If there are no DataField/Value@property="missing"
elements in your PMML document, then it means that the (J)PMML evaluator is not instructed to "re-classify" the 0.0
value from the valid value space to the missing value space. Sounds logical, no?
Here only "missingValueStrategy" in Segement like this, will it influence the result?
The TreeModel@missingValueStrategy
insttucts what to do about a missing model prediction. It does not interact with model inputs (aka features) in any way.
My spark version is 2.4.8, and jpmml-sparkml is 1.5.14.
That's a really old version, which is no longer supported/maintained by me.

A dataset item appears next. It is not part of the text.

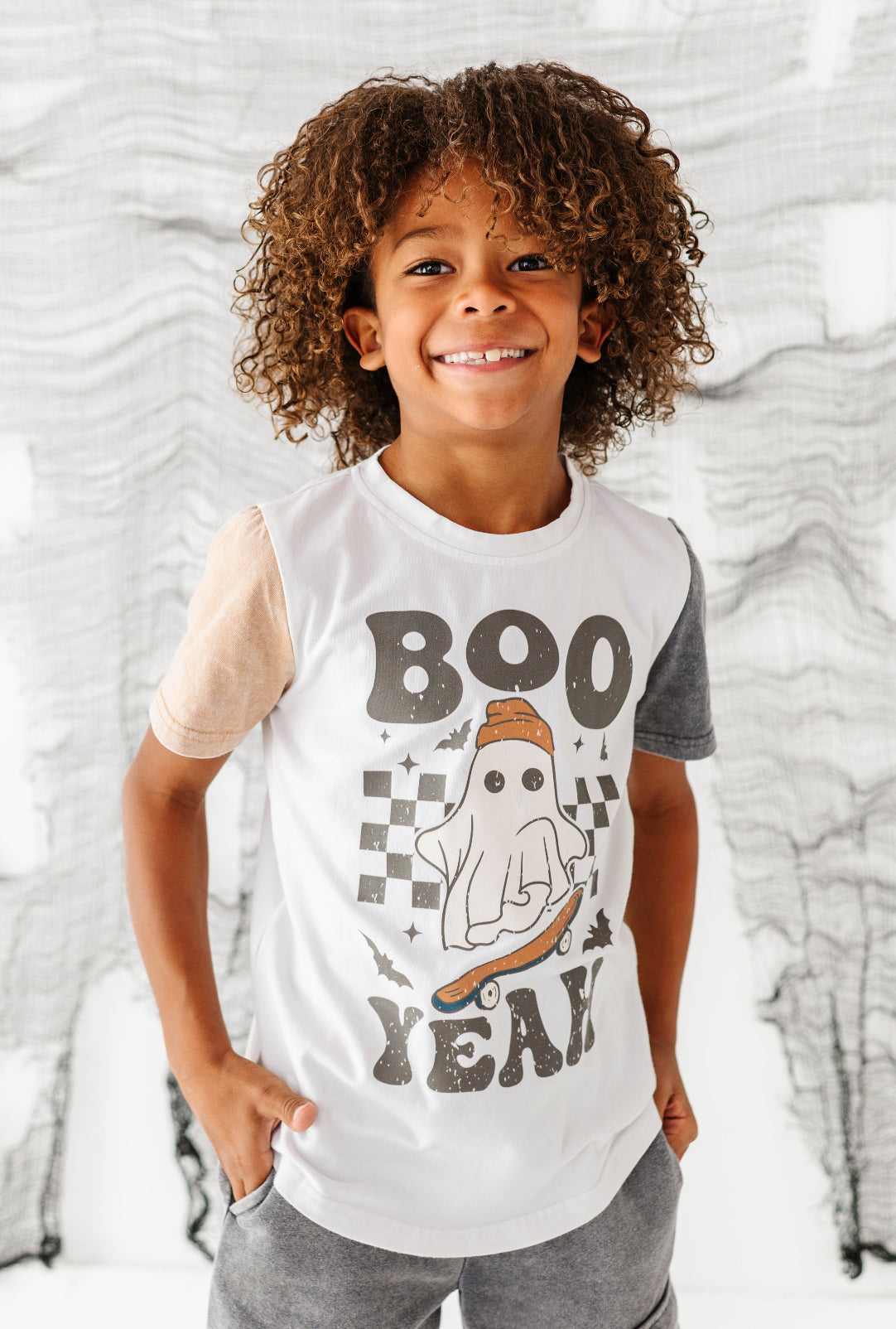 Boo-Yeah | COLOR-BLOCK TEE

When I implement a fix for this issue, then you need to back-port it to the 1.5.X branch manually.
train code
val xgboost = new XGBoostRegressor() .setMissing(0.0F)

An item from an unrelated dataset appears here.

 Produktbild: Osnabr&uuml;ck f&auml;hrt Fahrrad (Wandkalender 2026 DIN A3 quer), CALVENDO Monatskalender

In the meantime, it should be possible to make the (J)PMML prediction come out correct if you replace 0.0
values with Double.NaN
values in your test set.
Something like:
test_df = test_df.replace(0.0d, Double.NaN);
The DataField/Value
element would do this automatically inside the model, but since it's currently unavailable for you, you could do it manually outside of the model.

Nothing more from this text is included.